Between the sea and main promenade highway at Fleetwood seafront, are two boating lakes. They’re separated by a bridge which takes you to the coastal path. It’s a pretty spot to pass an hour, get an ice cream from the small cafe and go crabbing with the little ones!
Larger Boating Lake
This is an attractive area at The Esplanade on Fleetwood seafront. You can walk around the lakes using the pavement against the highway, or follow the footpath around the edge of the lake itself. It’s a lovely spot for a quiet walk – watch the wildlife and enjoy the view!
The larger of the two boating lakes has a small island in it. At its deepest the water is about 4′, and about 3′ (1m) at its shallowest.
Using the Boating Lake
If you’d like to use it to practice your canoe and paddle-boating skills you can just turn up and do so as you wish.
However, if you’d like to organise a proper ‘event’, then you should contact Wyre Council to arrange for the necessary permissions. An ‘event’ is something that’s promoted in advance and will draw a big crowd of people.
Watch this drone flight footage across Fleetwood Boating Lake at sunset in winter. Thanks to Christopher Verity who filmed this, for allowing us to share it.
Boatwork and Seamanship Training
Students from Blackpool and the Fylde College use the large boating lake for boatwork and seamanship training. They attend Fleetwood Nautical College, the campus isn’t far away, just off Eros roundabout on the A585.
In the clip below you can see the lifeboat sailing around the lake as students practise their survival skills. It’s not a fantastic quality clip – just shows how good camera phones have become!
Model Yacht Pond
At the other side of the bridge is the smaller of the two boating lakes, the model yacht pond. To its left is the paddling pool.
Fleetwood Model Yacht & Power Boat Club has it’s clubhouse against the lake. They holds events and competitions throughout the year on the model yacht pond.
The Club was formed in 1929. The smaller of the two lakes was officially opened in 1932. In the same year the club held its first National Championship for 6 metre model Yachts.

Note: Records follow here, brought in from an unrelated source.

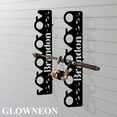 thumbnail image 2 of GLOWNEON Personalized Fish Swarm Fishing Rod Rack, Metal Wall Mounted Pole Holder for Garage, 2 of 6
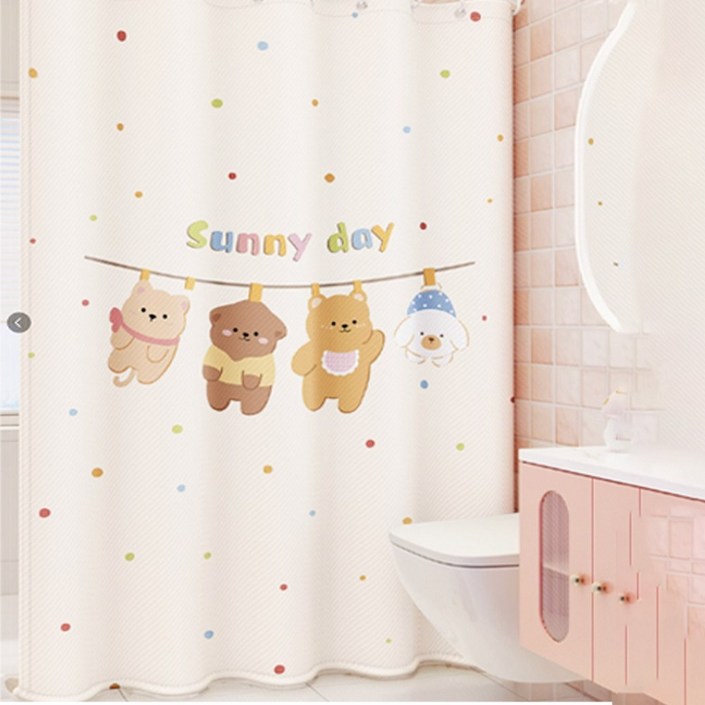 코팅블루 설치쉬운 무타공 방수 욕실 샤워커튼커튼링세트, 1세트, 11.써니데이즈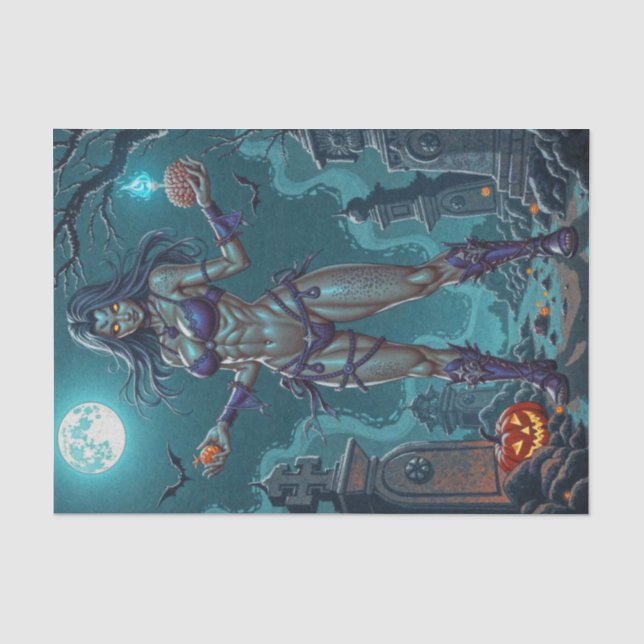 Papier Mousseline Traite d'Halloween ou ami Zombie w Cerveau (Recto)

In 1933, the British Open A Class Championship was held for the first time at Fleetwood. Fleetwood has since held many major national and international championships, for many classes of boats. There’s a racing section for model yachts, rules and a thriving scale section.
Over the years the clubhouse and lake facilities have been improved. It’s now one of the finest clubhouses in the country.

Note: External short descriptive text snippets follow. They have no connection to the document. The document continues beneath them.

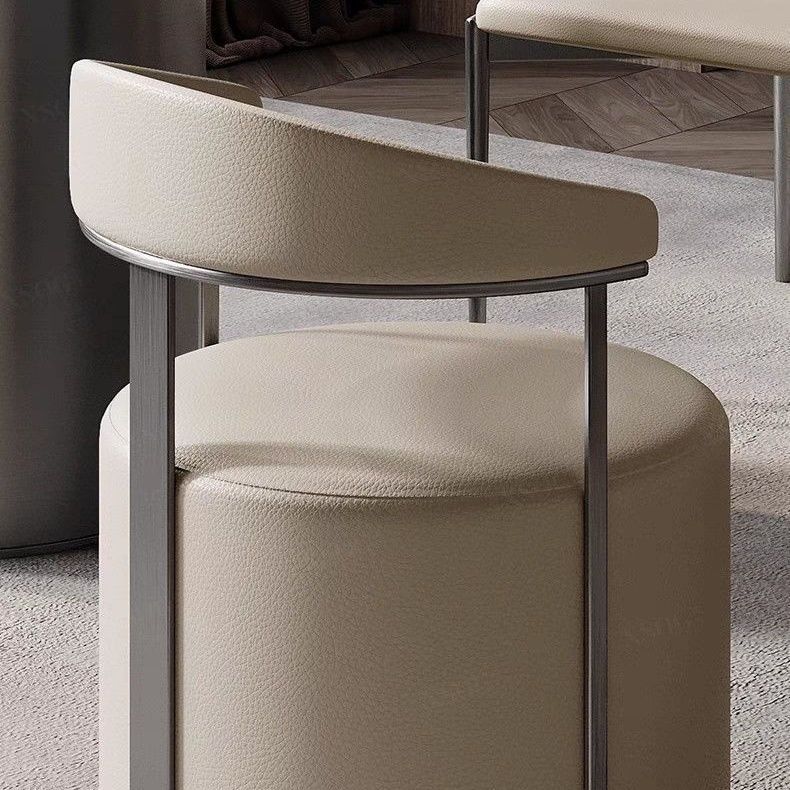 Mesa de té moderna simple y alta sensación silla de respaldo de lujo ligera silla de recepción para hacer té silla de manicuría silla taburete redondo silla de negociación
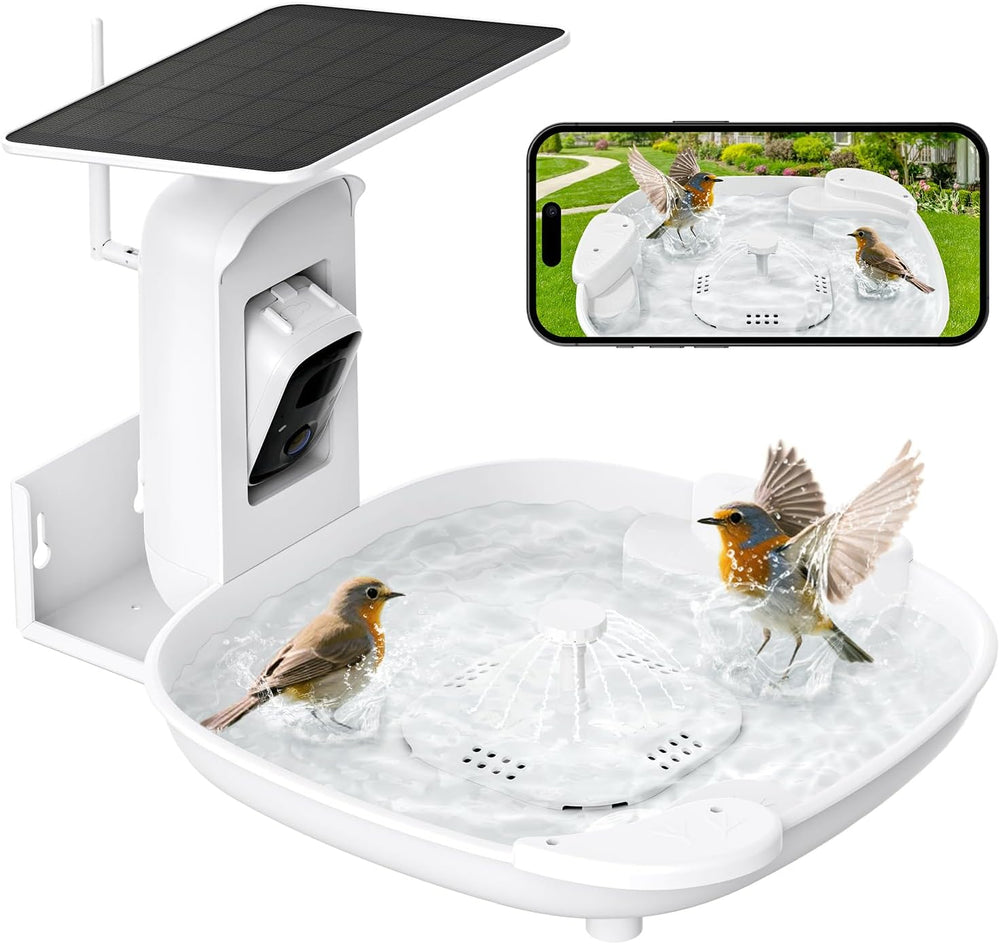 HARYMOR Bird Bath with Camera, Automatic Water Flowing, 2K Bird Camera Captur...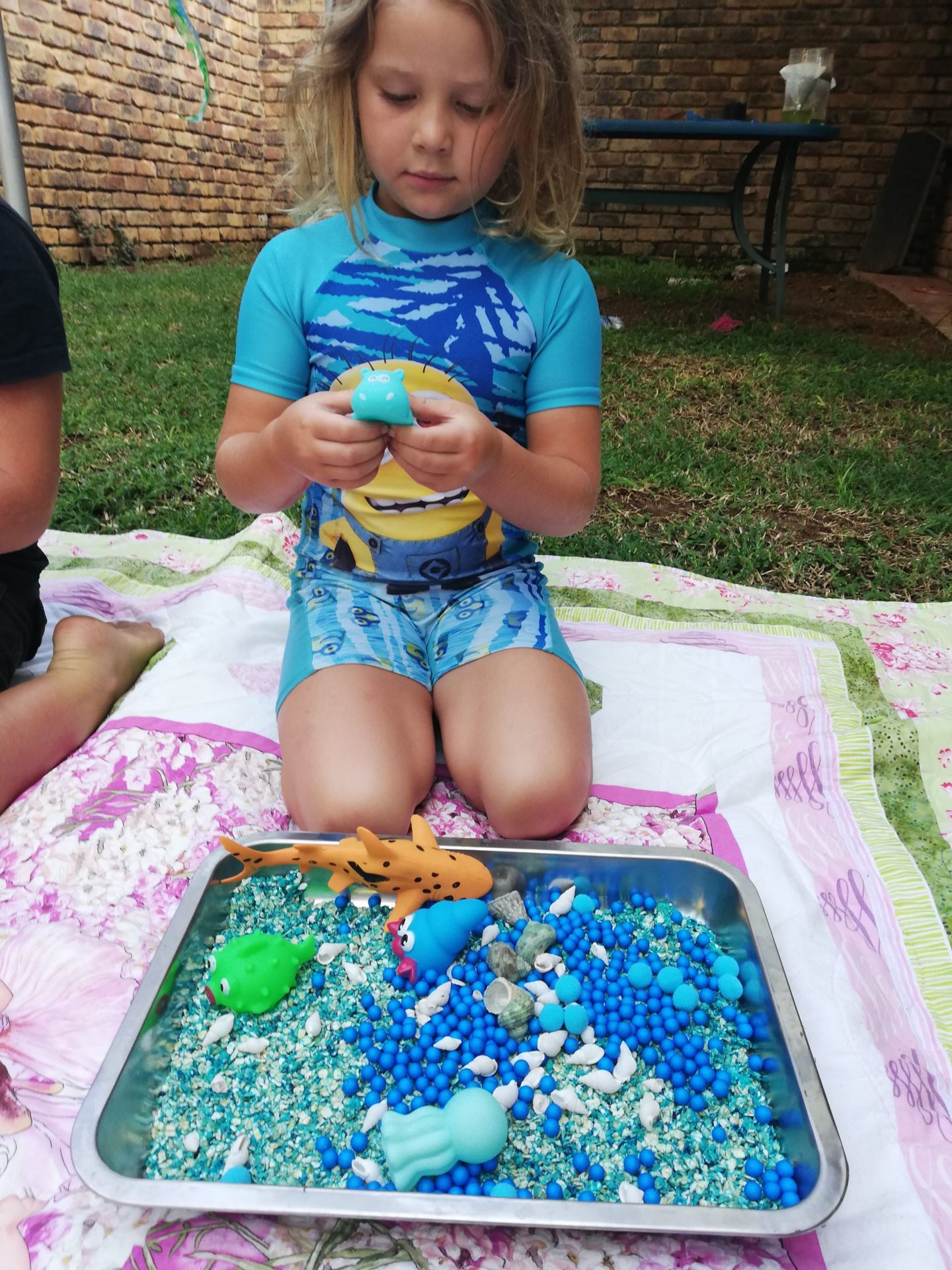 Ocean Themed Sensory Tray | HarassedMom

These photos are from the 2017 (UK) Vane A-Class Championships at Fleetwood. This prestigious regatta dates back to the late 1920’s. The five day event brings skippers from all over the UK, and from abroad.
Feed the Birds at the Boating Lakes
Families of ducks, geese and swans also live on the boating lakes. They’ve trained the public to feed them and make quite a sight when they gather to watch the events!

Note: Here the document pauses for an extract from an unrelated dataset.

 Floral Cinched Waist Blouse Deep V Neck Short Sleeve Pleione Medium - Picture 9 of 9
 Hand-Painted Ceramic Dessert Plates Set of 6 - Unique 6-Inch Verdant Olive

If you’re going to feed the birds it’s best not to give them bread. It’s the equivalent of junk food and it pollutes their water. Instead, they’ll enjoy wild bird seed (or you can even get special duck food), or chopped up green vegetables or lettuce.
Crabbing in the Boating Lakes
We have it on good authority that the boating lakes is a good spot for crabbing. Particularly the left hand paddling pool. It’s an age old passtime for children to try their hand at, fishing little crabs out of the water.
What do you need for crabbing?
If you fancy having a go and learning some fishing skills, go prepared and take your equipment with you. You’ll need:
- a bucket or a clear container – a transparent plastic bucket or food box is ideal
- some string or line – natural garden string has less impact on the environment if you lose any of it
- bait – crabs especially like fish – and bacon!
- something to put your bait in. A little net bag is ideal – or you could use a bit of old fabric/dishcloth etc.
Before you start, put some sand and a few pebbles in your container then fill it up with water. Put your bait in your bit of fabric or your net bag and fasten it to the end of your string.
Dangle your bait into the water – keep a hold on the string and wait for the crabs to bite!
The crabs will be attracted to the smell of the food and come to your bait bag. You can pull them up out of the water and put them in your bucket to watch.
Make sure you put your catch back into the water when you’ve finished, and don’t leave any litter behind when you leave.
Improvement Works to the Lakes
In December 2014 work started to improve the lakes. The aim was to achieve consistent levels of water in them.
The main boating lake was dredged and drained. Once empty, repairs were carried out to the lining, the aprons were re-concreted and some of the access pathways improved. It was then refilled with sea water.
The sand dredged out of the lake was transported to Rossall to be recycled. It was stored and later used in the landscaping at Larkholme Grasslands, part of the new Rossall sea defence works.